Trump Blackout on Visitor Logs Sparks Suit

MANHATTAN (CN) — Reversing a nearly decade-old tradition, the Trump administration has been blocking scrutiny into who is influencing the president at the White House and his private properties, watchdog groups claim in court.

Three pro-transparency organizations joined forces with a prominent researcher in a federal lawsuit filed Monday in Manhattan.

Among them, the Washington-based Citizens for Responsibility and Ethics in Washington, or CREW, previously filed four federal lawsuits that drove former President Barack Obama to create a policy to release a redacted version of the White House’s visitor logs every month.

When he announced this policy in 2009, Obama said, “Americans have a right to know whose voices are being heard in the policymaking process.”
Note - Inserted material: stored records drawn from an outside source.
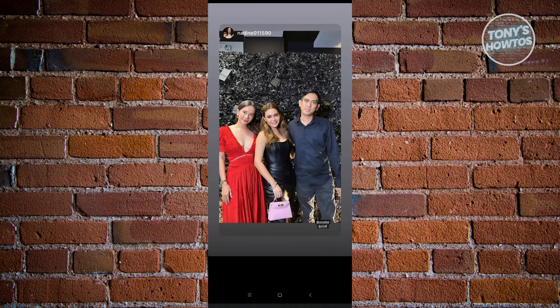But how do you actually repost if you really want to repost that specific story into your account? We have a workaround for this, so let's go ahead and do that. I want to repost this specific story. So if it's a picture, you can just take a screenshot. But if it's a video, you need to screen record that.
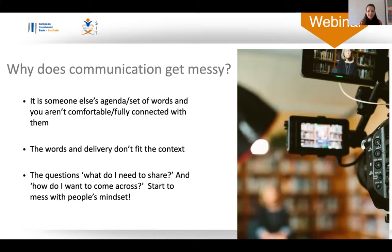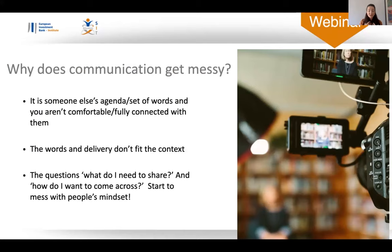I wonder if any of you have experienced this — where you've used somebody else's words rather than something that felt authentically like it came from you, or suddenly realized you didn't have the answer to a question and had a freak-out moment and couldn't find the right words. Or if you've felt that pressure of 'I don't know if I can communicate this in the most powerful way.' Let me know in the chat — a yes or no — if you've experienced any of those moments when communication gets messy. I think it's part of being human.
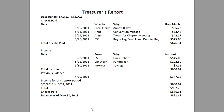Hello everyone and thanks for watching this video. This is going to be a video to give you an example of what your treasurer's report may look like if you've never produced one. It does not need to be in this format, but basically what you need to do is show what money you've spent, what money you've brought in, and what your remaining balances are.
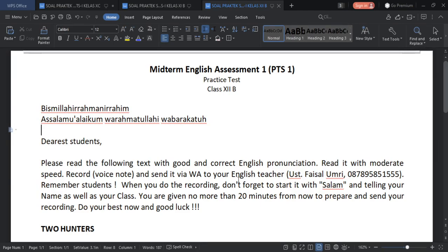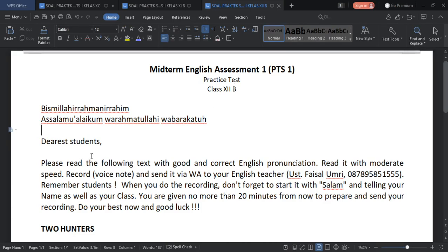Hello students, how are you doing today? I hope you are ready, because I told you before that today we are going to have the midterm English assessment. So this is a midterm test. I have sent you some notes via your class group for preparation. I hope that today you are ready for that.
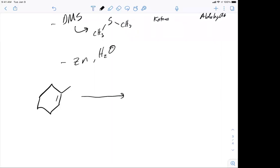I'll try to get the exam one grades posted before Wednesday so you can check them. The important point about ozonolysis is that it's the first carbon-carbon bond cleavage reaction we've seen.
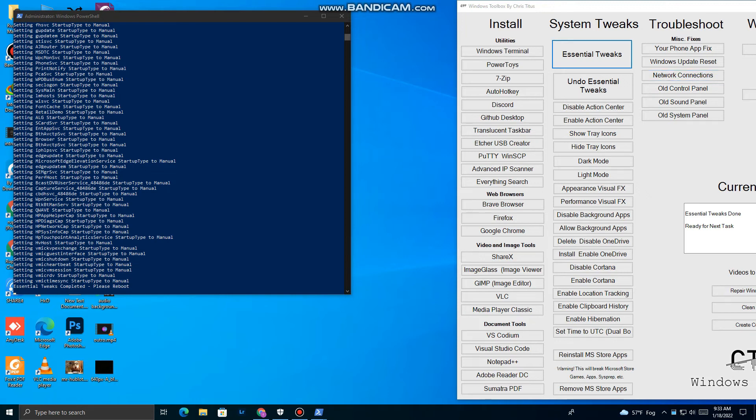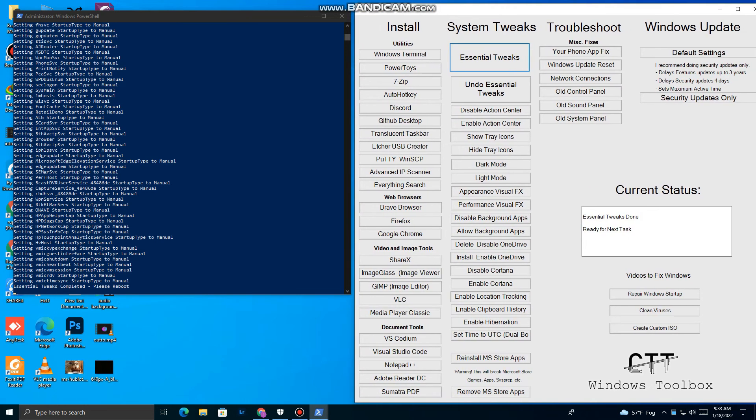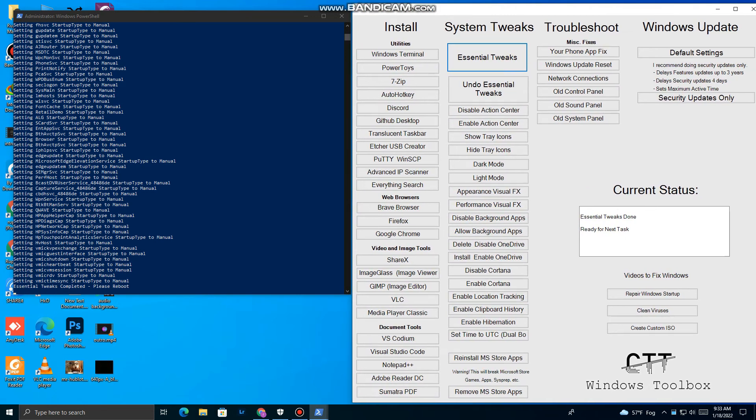Our process has been completed. Now you can restart your PC to see the effects. If you have any problems, comment below.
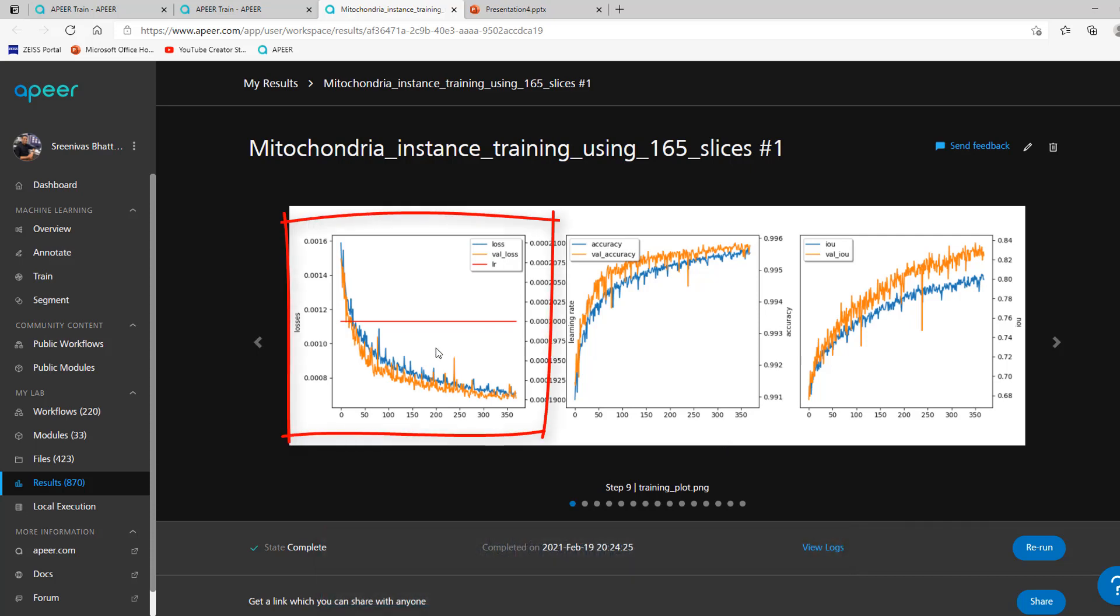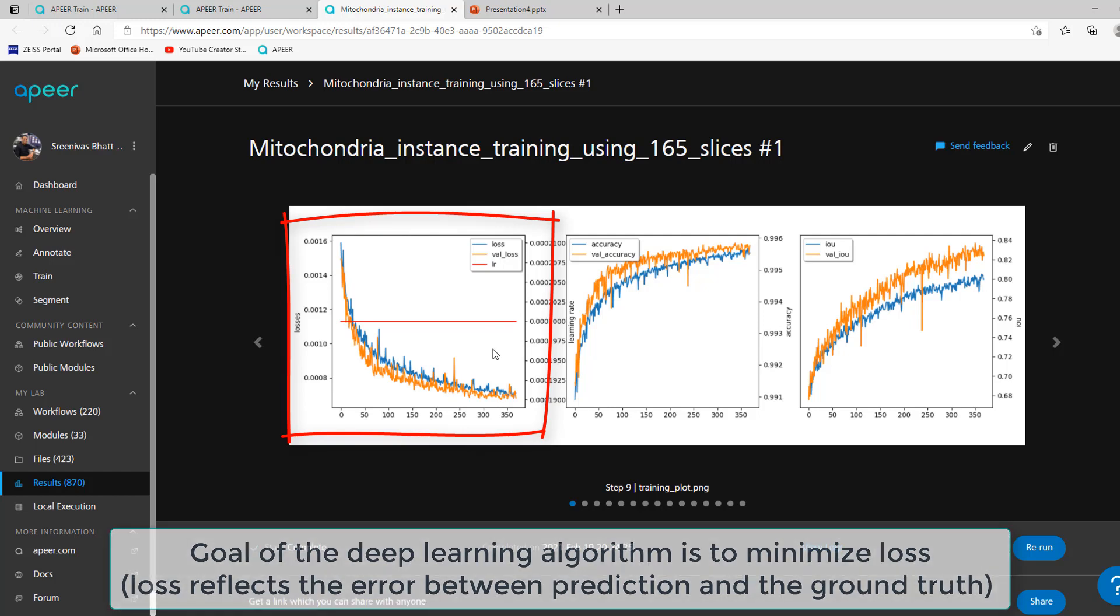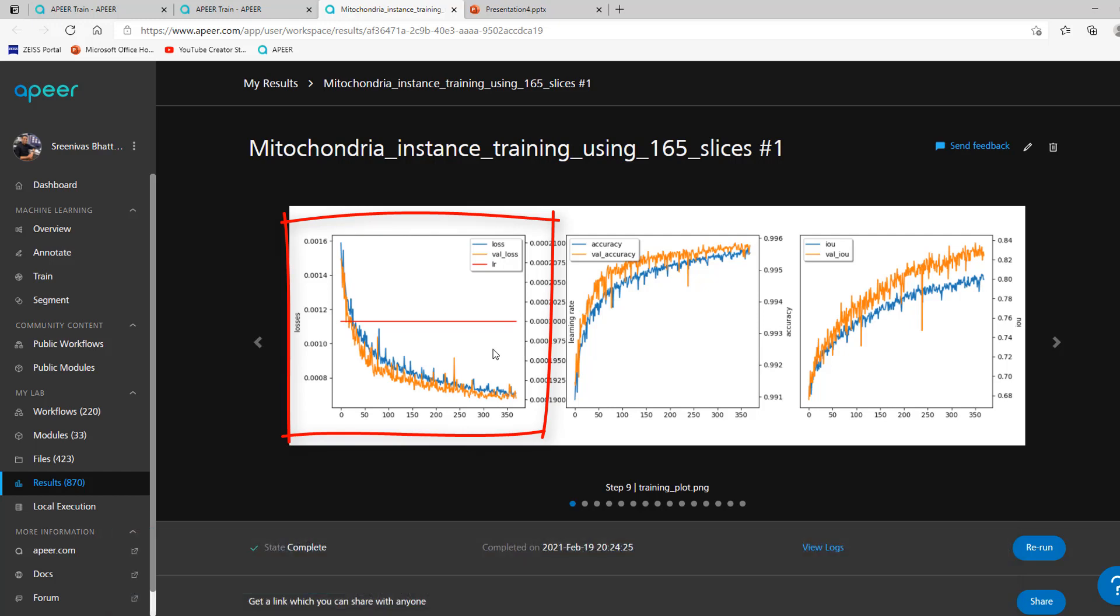Let's start by looking at the loss curves. The goal of deep learning algorithms is to minimize a loss function that reflects the error between the prediction and the ground truth you provided. For good model training, the loss curves trend downward for each epoch and eventually flatten out.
Under President Donald Trump, the White House website created for these disclosures has gone inactive, to the alarm of legislators, researchers and journalists.

Teaming up with CREW to restore daylight over months of these records under the Freedom of Information Act are the Knight First Amendment Institute, a recently launched press-advocacy group at Columbia University; the National Security Archive, a Washington-based nonprofit; and the archive’s senior analyst Kate Doyle.

CREW’s executive director Noah Bookbinder noted that Trump’s global business ties makes it particularly crucial to know who has been meeting with the president.

“Given the many issues we have already seen in this White House with conflicts of interest, outside influence, and potential ethics violations, transparency is more important than ever, so we had no choice but to sue,” Bookbinder said in a statement.

In the same courthouse, CREW filed another lawsuit against Trump himself, asking a federal judge to declare his “vast, complicated and secret” business ties in violation of the foreign emoluments clause of the Constitution. That case has been active since three days after Inauguration Day.

The latest lawsuit is against the U.S. Department of Homeland Security, whose component agency — the Secret Service — maintains the visitor logs.

Citing department policy, the agency declined to comment on the pending litigation.

Last month, eight senators wrote to Trump and the Secret Service’s deputy director William Callahan seeking to restore the Obama-era policy.

“It would be a significant setback to efforts to give the public insight into who influences the White House if this policy were to be discontinued or limited,” the senators wrote, as quoted in the 10-page lawsuit. “Indeed, given the unique aspects of how President Trump has decided to conduct official business, we believe he needs to do even more just to meet the benchmark of transparency set by President Obama.”

Looking beyond 1600 Pennsylvania Ave., the lawsuit also seeks information on who has been visiting the president at New York’s Trump Tower and Florida’s Mar-a-Lago, the so-called “Winter White House” where Trump has sojourned seven times since taking office.

Alex Abdo, a prominent civil-liberties attorney, signed the lawsuit on behalf of the Knight First Amendment Institute.

“This is a case about the public’s right to know who wields influence over the most powerful office in our government,” Abdo said in a statement.

The Freedom of Information Act requests at issue demand visitor logs from Inauguration Day to March 8.